● REQUIREMENT
From the first line to the last, please reproduce the material exactly, skipping the pictures.

● INPUT DATA
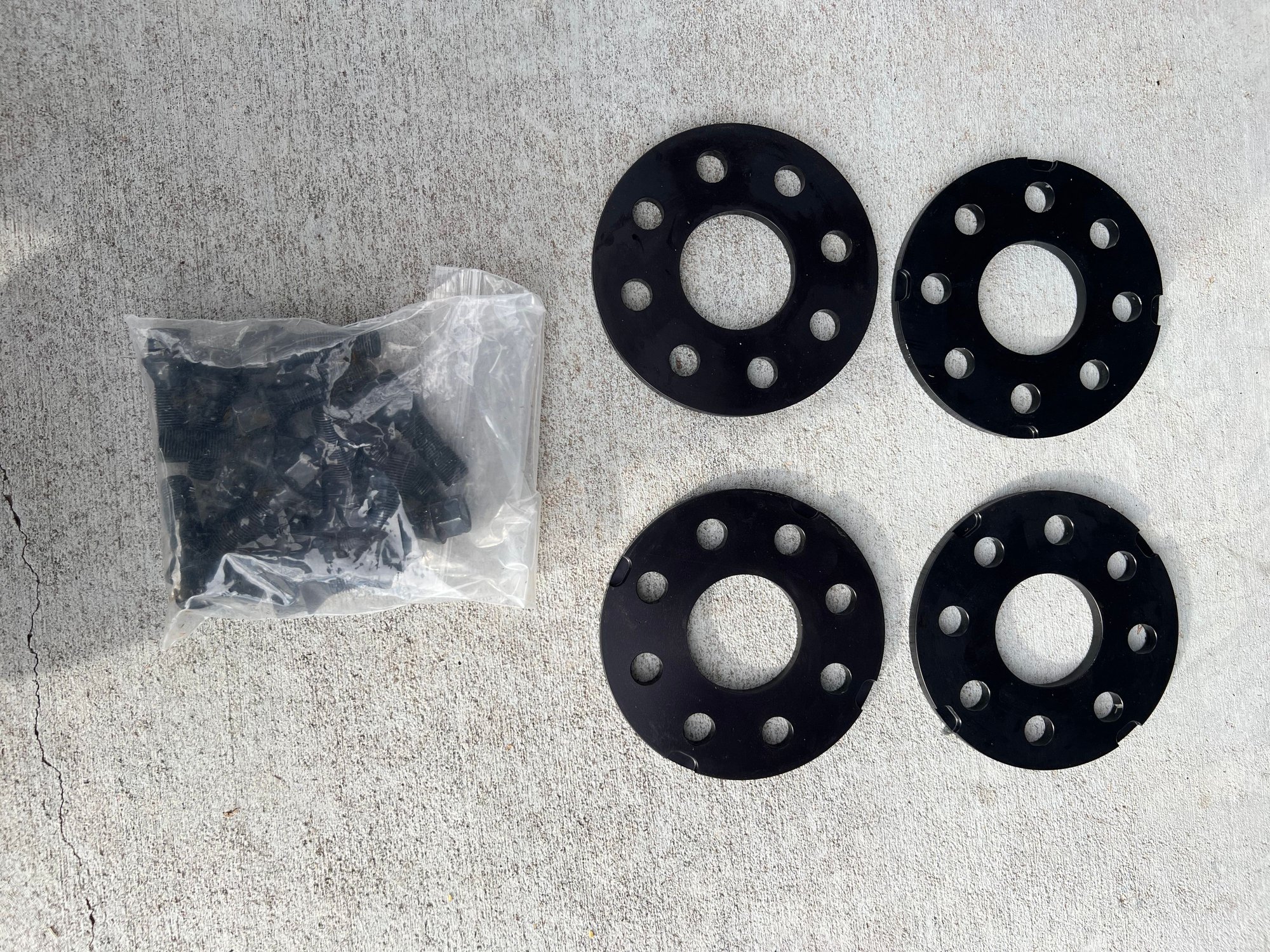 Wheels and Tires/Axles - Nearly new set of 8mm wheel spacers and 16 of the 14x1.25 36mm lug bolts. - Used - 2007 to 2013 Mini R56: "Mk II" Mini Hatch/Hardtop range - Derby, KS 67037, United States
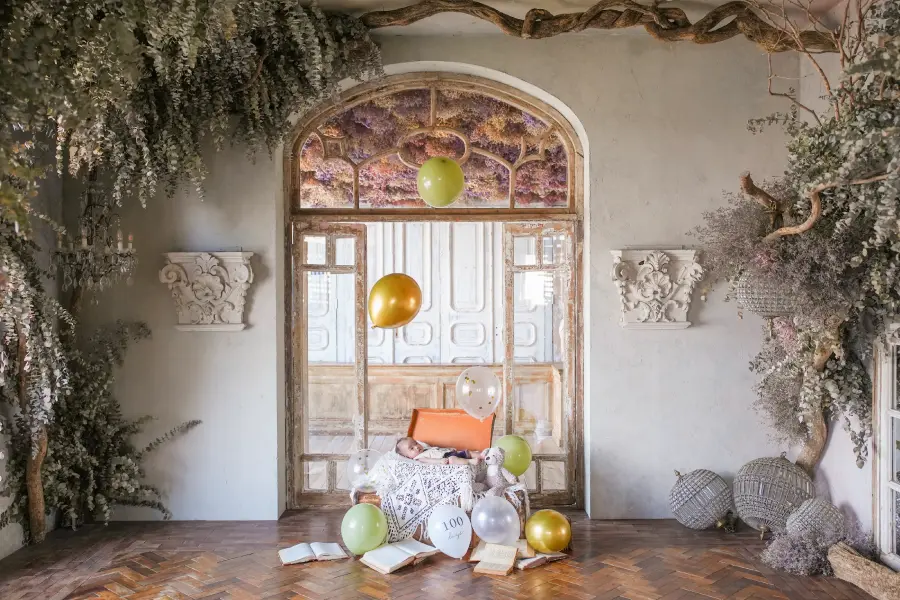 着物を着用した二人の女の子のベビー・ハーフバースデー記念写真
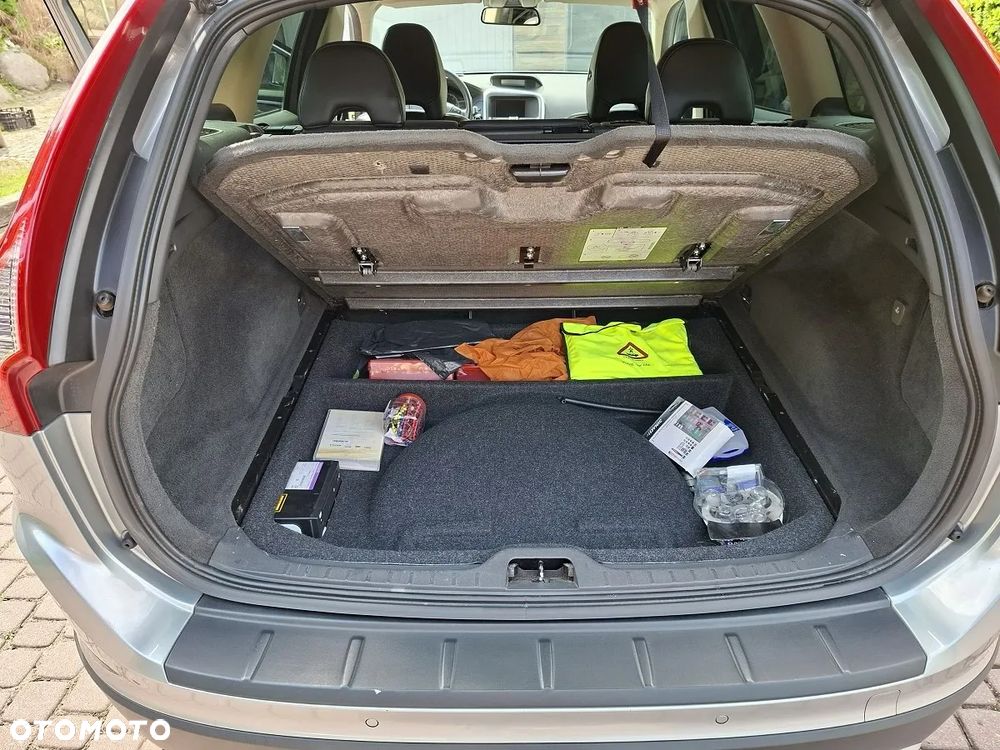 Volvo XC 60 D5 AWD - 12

● RESULT OF THE EXERCISE
 Wheels and Tires/Axles - Nearly new set of 8mm wheel spacers and 16 of the 14x1.25 36mm lug bolts. - Used - 2007 to 2013 Mini R56: "Mk II" Mini Hatch/Hardtop range - Derby, KS 67037, United States
 着物を着用した二人の女の子のベビー・ハーフバースデー記念写真
 Volvo XC 60 D5 AWD - 12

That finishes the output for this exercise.